Grid Reference: J 621458
Wild, windswept and remote, Ballyquintin Point forms the southern tip of the Ards Peninsula. It lies on a low, exposed, rocky coastline consisting of small promontories, bays, inlets and islands. The point is formed by a raised beach of shingle and cobble stones, gently sloping inland to low cliffs. Such deep banks of raised beach shingle, vestiges from the last ice-age, are found nowhere else around the Ulster coast.
Thin soils support only sparse, dry grassland which briefly comes to life in May and June with a colourful display of wild flowers. Patches of low-growing burnet rose flower profusely from May to July and produce their unusual, purple hips soon after. Curious wind-dwarfed blackthorn scrub survives on the exposed cobbles, barely 12 inches high.
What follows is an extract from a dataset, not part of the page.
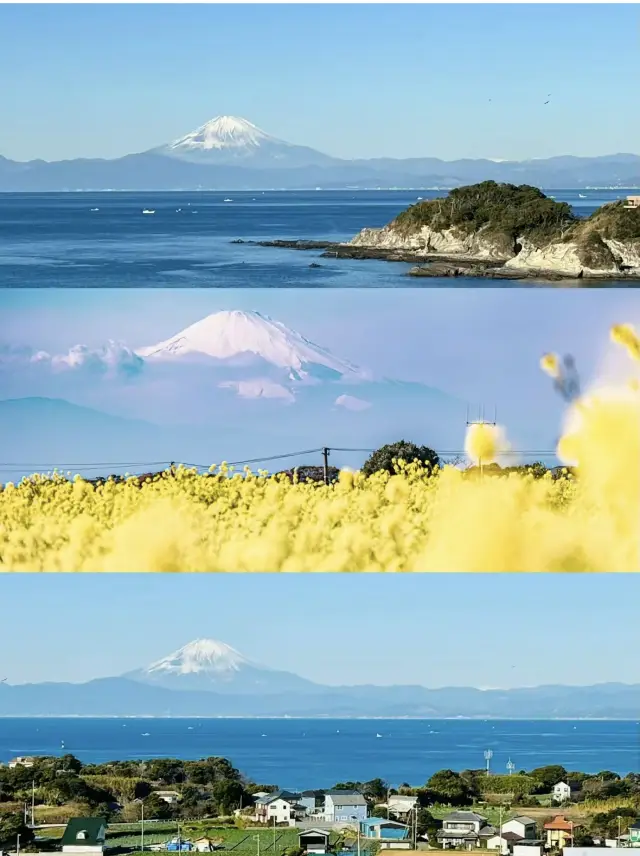 The rapeseed flowers are in full bloom and can be seen for free in the suburbs of Tokyo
The undisturbed cobbles on the surface are covered in an intriguing patchwork of lichens, in shades of grey and sometimes yellow, resembling an ancient map.
Pockets of saltmarsh nestle amongst the mosaic of rocky outcrops and shingle towards the shore. Gorse or whin provides excellent cover and nesting opportunities for stonechats, whitethroats and linnets.
The point is a good spot to see Irish hares, which feed on the grassland and along the shoreline. Migrant butterflies such as Red Admirals cross the Irish Sea and can occur abundantly here in some years.
How to get there
From Portaferry head south along the Bar Hall road, which runs along the eastern shore of the Lough. Ballyquintin is the first turning on the right, 3 miles from Portaferry.
The Site manager can be contacted at The Quoile Countryside Centre Tel: 028 4461 5520
Parking is available for less able people at Ballyquintin Farm, while the main visitor car park is located at Port Kelly some 200m away.